• EXTRACTED RECORDS:
________________________
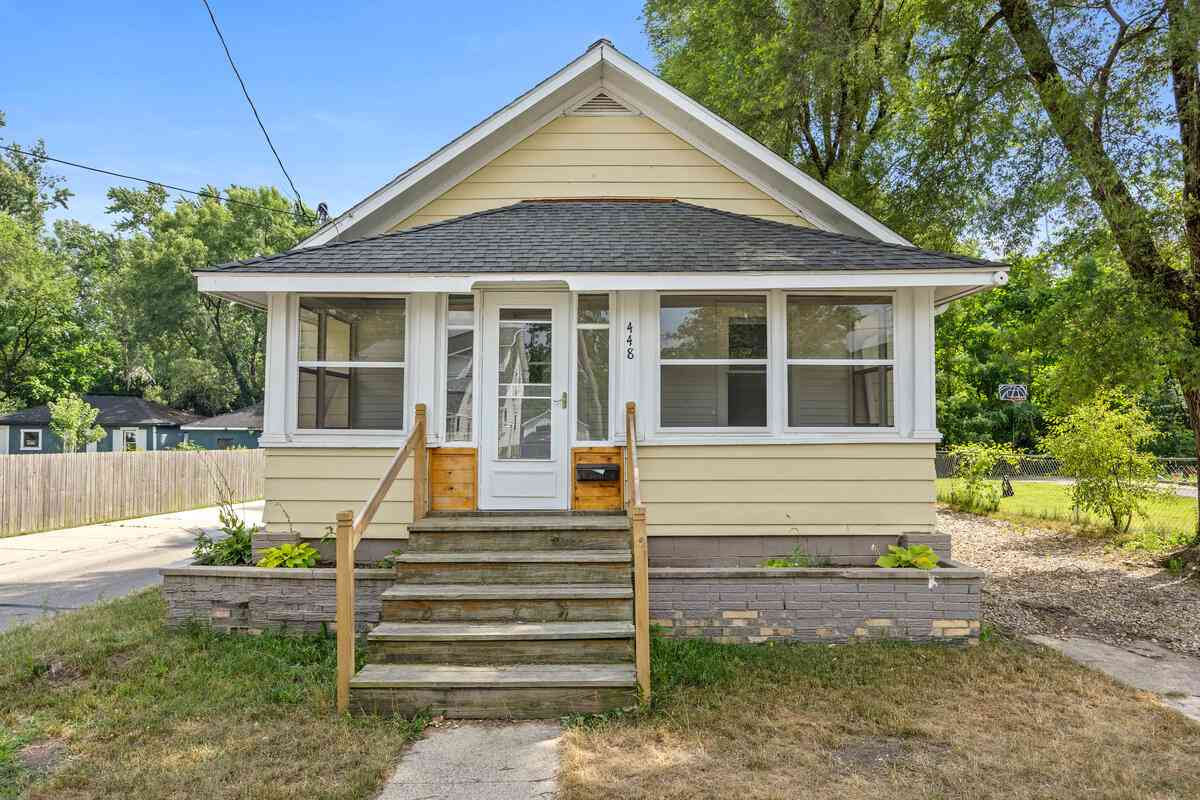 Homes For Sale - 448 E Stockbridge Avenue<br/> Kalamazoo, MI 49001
________________________
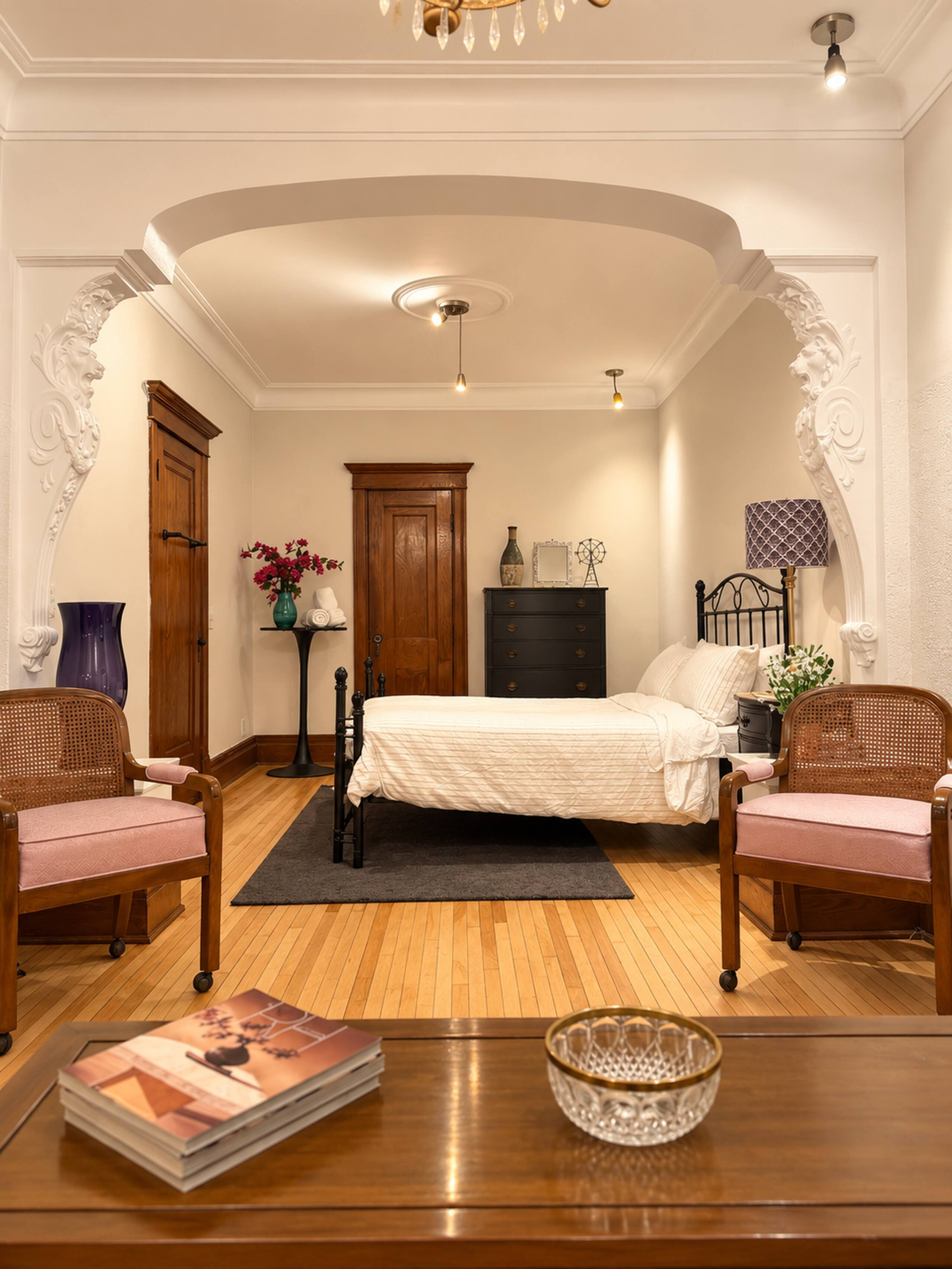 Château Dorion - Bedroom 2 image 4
________________________
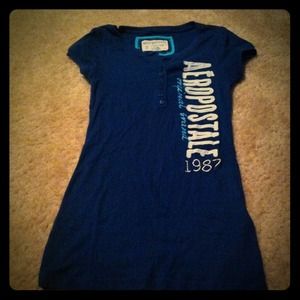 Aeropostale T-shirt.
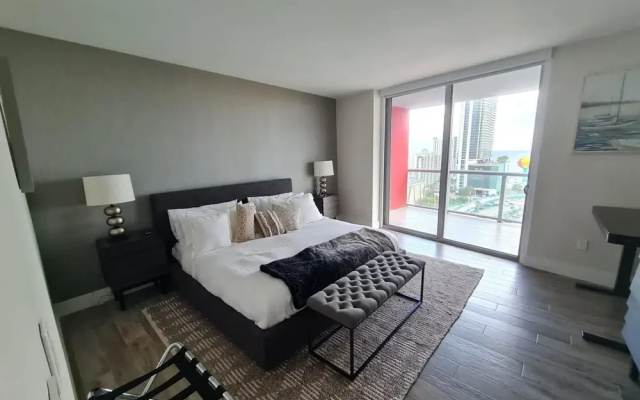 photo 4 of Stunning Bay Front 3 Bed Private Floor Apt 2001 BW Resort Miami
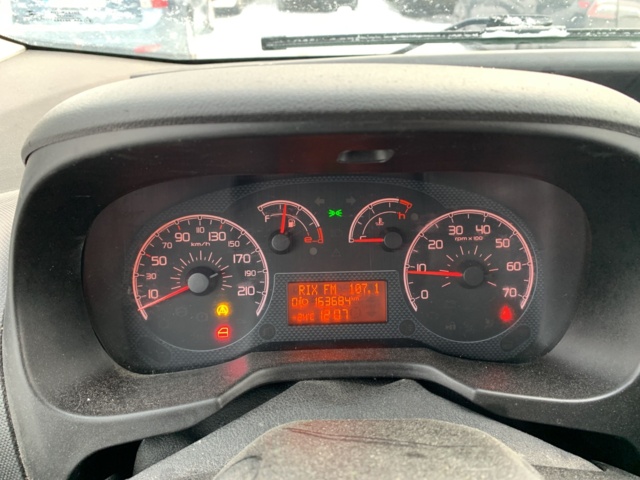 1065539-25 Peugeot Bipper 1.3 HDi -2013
________________________
• WORK TASK: Only one part of the material above is wanted: the lines from the one with "photo 4 of Stunning" up to and including the one with "1065539-25 Peugeot Bipper 1.3 HDi -2013". Please copy them exactly, pictures left out.

• ANSWER FOR THIS EXERCISE:
 photo 4 of Stunning Bay Front 3 Bed Private Floor Apt 2001 BW Resort Miami
 1065539-25 Peugeot Bipper 1.3 HDi -2013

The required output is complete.